It's also possible to find work with a consultancy that provides company secretarial services to companies who outsource this function, or in self-employment as a sole practitioner or in a small partnership.
Look for job vacancies at:
Vacancies are handled by specialist recruitment agencies, such as DMJ Recruitment.
Most company secretaries gain chartered status with the Chartered Governance Institute UK & Ireland by completing its Chartered Governance Qualifying Programme.
The programme is divided into two levels, Part One and Part Two.
There are six main routes for entry depending on your existing level of qualifications and experience.
The use of a tuition partner is recommended, though self-study is also an option, and the CGI has a list of registered tuition providers on its website.
The CGI also provides a list of validated postgraduate courses as an alternative to the CGQP exams.
Financial assistance for training may be available through The Worshipful Company of Chartered Secretaries and Administrators.
Once you've successfully completed either The Chartered Governance Qualifying Programme or a validated Masters degree, you'll become a Graduate Member of the Institute and can use GradCG after your name.
Graduates then typically progress to Associate membership, with six years' relevant work experience in addition to their qualification. This requirement can be reduced to three years if the Graduate member is a degree holder or member of another professional body.
Once they attain Associate membership, they can use the post-nominal ACG.
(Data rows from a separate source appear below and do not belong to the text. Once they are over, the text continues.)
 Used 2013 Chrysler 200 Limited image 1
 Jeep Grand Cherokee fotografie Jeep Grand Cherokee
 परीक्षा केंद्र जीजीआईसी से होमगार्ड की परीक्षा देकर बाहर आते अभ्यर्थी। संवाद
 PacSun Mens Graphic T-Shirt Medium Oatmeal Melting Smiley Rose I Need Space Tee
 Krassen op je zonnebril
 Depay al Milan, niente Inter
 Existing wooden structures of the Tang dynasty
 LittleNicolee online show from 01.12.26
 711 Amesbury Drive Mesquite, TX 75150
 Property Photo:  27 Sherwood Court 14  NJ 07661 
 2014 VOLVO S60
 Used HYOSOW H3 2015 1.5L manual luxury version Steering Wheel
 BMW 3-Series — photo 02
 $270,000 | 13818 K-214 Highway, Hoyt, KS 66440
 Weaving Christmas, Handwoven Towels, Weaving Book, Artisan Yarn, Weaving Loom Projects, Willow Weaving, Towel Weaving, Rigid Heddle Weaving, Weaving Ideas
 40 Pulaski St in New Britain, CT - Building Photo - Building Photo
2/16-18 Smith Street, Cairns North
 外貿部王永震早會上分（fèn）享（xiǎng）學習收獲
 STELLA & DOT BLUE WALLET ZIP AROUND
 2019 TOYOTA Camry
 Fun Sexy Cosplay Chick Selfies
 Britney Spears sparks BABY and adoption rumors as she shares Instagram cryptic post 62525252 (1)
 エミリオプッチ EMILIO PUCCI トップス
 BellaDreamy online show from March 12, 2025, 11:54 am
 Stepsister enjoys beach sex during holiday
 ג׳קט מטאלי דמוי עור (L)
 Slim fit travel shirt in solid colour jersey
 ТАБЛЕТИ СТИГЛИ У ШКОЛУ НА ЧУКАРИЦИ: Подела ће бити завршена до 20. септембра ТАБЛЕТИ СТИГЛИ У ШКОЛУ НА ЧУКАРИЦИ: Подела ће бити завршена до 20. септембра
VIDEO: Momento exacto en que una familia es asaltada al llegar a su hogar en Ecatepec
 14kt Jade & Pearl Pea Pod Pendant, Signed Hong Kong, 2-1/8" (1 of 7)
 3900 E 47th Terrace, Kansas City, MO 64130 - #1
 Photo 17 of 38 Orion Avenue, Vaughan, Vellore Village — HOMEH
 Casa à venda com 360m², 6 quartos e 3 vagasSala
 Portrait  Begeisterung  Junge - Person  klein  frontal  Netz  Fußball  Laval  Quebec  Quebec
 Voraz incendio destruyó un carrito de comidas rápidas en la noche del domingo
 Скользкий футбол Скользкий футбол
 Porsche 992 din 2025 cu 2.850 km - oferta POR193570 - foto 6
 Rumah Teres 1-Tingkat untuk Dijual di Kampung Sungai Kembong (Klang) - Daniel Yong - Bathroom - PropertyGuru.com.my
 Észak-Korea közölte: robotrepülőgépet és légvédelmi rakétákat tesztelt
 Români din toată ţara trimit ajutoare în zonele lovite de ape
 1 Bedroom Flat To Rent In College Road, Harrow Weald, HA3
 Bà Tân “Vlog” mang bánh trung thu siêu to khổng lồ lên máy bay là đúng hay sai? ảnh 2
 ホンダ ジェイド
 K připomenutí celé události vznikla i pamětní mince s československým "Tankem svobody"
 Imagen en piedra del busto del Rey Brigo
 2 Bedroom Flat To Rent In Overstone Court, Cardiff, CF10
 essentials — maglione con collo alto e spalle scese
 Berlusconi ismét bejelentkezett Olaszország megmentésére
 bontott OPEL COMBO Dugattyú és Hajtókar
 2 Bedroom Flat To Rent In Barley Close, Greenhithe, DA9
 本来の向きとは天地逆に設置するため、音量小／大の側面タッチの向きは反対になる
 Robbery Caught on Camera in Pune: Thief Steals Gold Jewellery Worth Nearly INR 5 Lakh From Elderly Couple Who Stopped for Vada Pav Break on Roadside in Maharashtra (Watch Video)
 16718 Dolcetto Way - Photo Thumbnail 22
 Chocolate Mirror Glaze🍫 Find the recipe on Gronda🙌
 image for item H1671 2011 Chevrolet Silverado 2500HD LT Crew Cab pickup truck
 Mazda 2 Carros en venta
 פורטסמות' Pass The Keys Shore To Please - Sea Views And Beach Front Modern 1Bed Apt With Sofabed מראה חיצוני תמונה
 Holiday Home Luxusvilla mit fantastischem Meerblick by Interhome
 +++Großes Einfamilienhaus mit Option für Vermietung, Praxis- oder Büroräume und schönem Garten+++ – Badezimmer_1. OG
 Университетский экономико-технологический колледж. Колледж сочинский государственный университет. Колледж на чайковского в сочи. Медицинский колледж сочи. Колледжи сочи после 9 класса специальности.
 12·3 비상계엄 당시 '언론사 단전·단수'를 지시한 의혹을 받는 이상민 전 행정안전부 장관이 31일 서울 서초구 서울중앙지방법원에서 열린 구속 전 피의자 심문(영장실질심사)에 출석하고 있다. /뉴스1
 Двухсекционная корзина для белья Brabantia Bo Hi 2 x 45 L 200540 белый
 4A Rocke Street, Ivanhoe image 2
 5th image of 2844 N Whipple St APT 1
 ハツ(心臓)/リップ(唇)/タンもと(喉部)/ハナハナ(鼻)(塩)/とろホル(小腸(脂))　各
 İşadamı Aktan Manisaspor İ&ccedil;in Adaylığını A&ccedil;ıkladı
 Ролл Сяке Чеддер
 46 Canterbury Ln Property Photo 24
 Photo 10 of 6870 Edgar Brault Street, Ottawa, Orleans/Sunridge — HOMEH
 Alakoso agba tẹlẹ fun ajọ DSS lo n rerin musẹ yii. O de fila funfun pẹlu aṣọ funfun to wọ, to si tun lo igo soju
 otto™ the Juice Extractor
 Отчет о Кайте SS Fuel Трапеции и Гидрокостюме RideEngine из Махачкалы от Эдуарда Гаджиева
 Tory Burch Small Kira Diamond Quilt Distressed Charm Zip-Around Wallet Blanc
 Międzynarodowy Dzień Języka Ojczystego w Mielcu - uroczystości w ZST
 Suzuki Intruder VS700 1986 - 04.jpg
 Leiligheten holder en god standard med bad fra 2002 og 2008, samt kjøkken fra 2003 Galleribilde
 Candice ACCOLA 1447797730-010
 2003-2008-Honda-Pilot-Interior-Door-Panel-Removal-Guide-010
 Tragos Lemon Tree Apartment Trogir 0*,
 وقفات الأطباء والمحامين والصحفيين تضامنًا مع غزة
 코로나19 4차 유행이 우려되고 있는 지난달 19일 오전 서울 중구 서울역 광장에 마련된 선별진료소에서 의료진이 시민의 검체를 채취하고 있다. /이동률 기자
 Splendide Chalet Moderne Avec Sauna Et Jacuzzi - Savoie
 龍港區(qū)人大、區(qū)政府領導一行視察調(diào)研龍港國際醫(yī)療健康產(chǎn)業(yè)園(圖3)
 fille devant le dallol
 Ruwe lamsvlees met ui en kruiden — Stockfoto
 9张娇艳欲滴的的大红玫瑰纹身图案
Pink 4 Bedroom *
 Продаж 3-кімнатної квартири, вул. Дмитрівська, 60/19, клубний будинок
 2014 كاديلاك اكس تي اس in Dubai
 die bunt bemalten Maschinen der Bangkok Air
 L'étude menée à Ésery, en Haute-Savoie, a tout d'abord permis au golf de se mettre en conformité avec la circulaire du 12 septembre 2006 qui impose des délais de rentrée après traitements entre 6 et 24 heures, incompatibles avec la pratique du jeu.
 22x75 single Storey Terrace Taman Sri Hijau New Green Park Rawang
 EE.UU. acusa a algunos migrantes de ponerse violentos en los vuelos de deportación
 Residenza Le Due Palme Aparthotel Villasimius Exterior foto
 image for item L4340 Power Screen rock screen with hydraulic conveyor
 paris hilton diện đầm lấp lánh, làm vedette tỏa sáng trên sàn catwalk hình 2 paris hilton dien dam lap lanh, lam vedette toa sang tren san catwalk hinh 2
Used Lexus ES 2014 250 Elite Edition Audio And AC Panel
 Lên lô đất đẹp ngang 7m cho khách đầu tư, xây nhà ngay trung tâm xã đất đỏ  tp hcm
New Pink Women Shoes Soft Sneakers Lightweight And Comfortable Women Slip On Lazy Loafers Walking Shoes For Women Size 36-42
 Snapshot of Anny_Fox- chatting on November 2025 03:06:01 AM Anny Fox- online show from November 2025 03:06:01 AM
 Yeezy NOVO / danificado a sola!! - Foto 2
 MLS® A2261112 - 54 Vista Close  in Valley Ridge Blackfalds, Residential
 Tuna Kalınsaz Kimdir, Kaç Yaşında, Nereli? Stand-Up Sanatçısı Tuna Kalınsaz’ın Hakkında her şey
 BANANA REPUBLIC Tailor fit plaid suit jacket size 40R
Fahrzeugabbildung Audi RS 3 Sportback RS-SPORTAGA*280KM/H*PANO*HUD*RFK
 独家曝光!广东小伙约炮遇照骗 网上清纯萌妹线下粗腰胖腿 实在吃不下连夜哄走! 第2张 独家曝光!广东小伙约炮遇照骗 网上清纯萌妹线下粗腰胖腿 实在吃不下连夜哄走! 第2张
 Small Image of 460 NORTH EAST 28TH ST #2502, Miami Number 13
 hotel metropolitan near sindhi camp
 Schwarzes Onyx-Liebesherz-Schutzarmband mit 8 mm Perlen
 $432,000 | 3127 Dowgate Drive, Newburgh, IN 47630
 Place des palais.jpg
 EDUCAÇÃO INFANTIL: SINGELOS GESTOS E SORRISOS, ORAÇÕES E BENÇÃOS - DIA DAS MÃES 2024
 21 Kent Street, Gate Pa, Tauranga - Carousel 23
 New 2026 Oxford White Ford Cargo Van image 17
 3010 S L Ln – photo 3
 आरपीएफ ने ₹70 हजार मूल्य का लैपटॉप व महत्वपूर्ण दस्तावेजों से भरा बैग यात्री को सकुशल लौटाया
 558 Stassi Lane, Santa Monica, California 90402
Public limited company secretaries may gain chartered status with other organisations, such as the:
- Association of Chartered Certified Accountants (ACCA)
- Chartered Accountants Ireland
- Chartered Institute of Management Accountants (CIMA)
- Chartered Institute of Public Finance & Accountancy (CIPFA)
- Institute of Chartered Accountants in England and Wales (ICAEW)
- ICAS (Institute of Chartered Accountants of Scotland).
You may find an opportunity to train while working. Any degree subject is usually acceptable, and this kind of training may be advertised as administrative training schemes for general management trainees. Likely places for these schemes include:
- local government
- professional services companies
- public limited companies
- the public sector
- share registration agencies.
The CGI website also has details about other training and professional development opportunities.
Gaining chartered status with The Chartered Governance Institute UK & Ireland (CGI) is one of the most popular routes to developing a successful career in this area and requires tenacity and dedication.
When you have gained eight years or more relevant work experience, with at least three being at senior level, you can apply to become a Fellow of CGI, denoted by the letters FCG.
Support with career development varies between employers. CGI offers support through a range of resources, workshops, seminars, conferences and special interest groups, which help professionals in specific sectors share working practices and support each other.
It's important that you keep up to date with developments in legislation throughout your career by reading professional journals, such as CGI's Governance & Compliance magazine, and newsletters. Networking and sharing working practices with other company secretaries, both formally and informally, is also recommended.
Geographical mobility can be helpful for career development, particularly in the early stages. With experience, it's possible to progress to board level or move into a directorate head or department head role. Alternatively, you can set up a business advising clients, act as company secretary for small companies, or work as a company formation agent.